Le Canadien doit maintenant s’imposer en terrain hostile

Et maintenant, voyons voir ce que ça donnera à l’étranger. Le Canadien de Montréal a montré qu’il a retrouvé le désir et la capacité de rebondir en offrant une bonne performance face aux Panthers de la Floride, mardi, trois jours après avoir fourni un effort brouillon à son match d’ouverture contre les Maple Leafs de Toronto. Mais voilà déjà qu’un autre test se profile à l’horizon.


Car le Tricolore en sera à son premier match loin du Centre Bell, jeudi, face aux Capitals de Washington. Jouer sur la patinoire de l’adversaire n’est jamais facile, on le sait, mais le Canadien a été particulièrement pitoyable à cet égard l’hiver dernier, alors qu’il a souvent offert des prestations sans âme.


Michel Therrien entend toutefois corriger le tir en demandant à ses joueurs d’afficher une plus grande régularité. « Il faut qu’on soit constant dans notre effort et dans notre manière de jouer, et s’assurer qu’on est la même équipe sur la route qu’au Centre Bell », a souligné l’entraîneur du Tricolore après l’entraînement de mercredi, où il a utilisé exactement les mêmes trios à l’attaque que la veille.

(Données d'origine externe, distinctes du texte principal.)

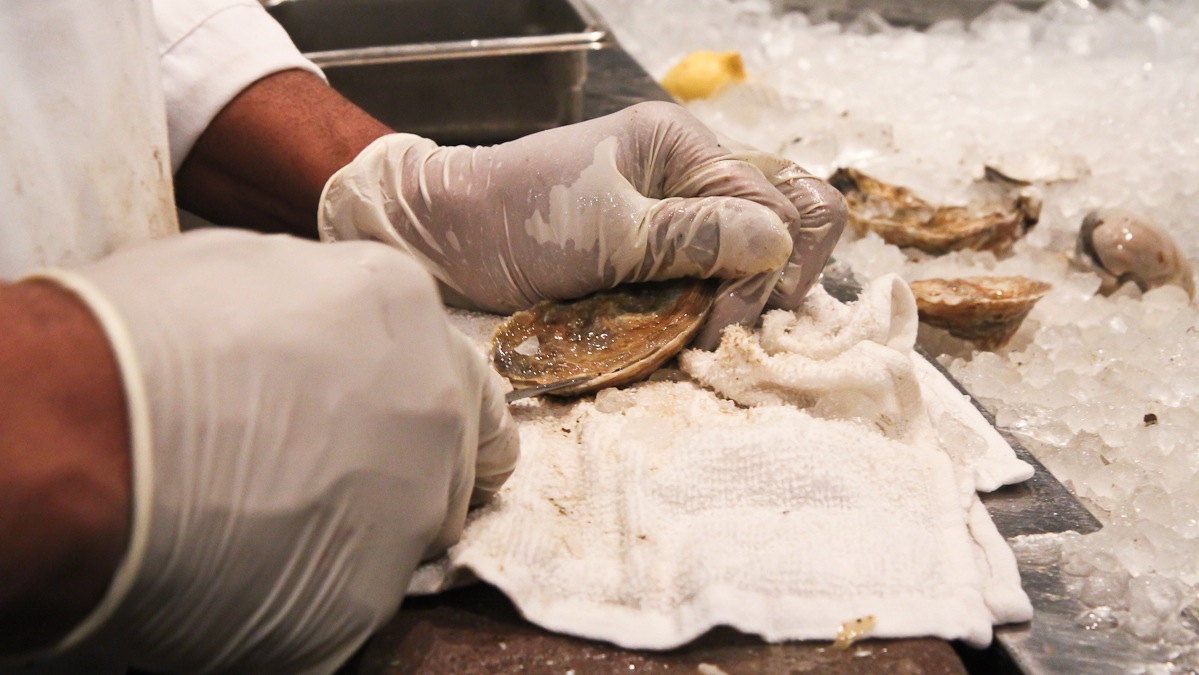 Ameen Lawrence says 'I shuck oysters in my sleep.' (Kimberly Paynter/WHYY)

Therrien a toutefois préféré ne pas avancer de théorie expliquant pourquoi certaines équipes, comme le CH l’hiver dernier, sont plus timides à l’étranger même si les patinoires sont maintenant semblables d’une ville à l’autre. Ce qui n’était pas le cas il y a deux décennies ou trois, alors que certaines équipes dotées d’une surface de jeu beaucoup plus petite - à Boston et Buffalo, notamment - profitaient d’un avantage de la patinoire bien réel.


« Je n’étais pas là l’année passée, s’est limité à dire l’entraîneur. On s’en reparlera [jeudi]. »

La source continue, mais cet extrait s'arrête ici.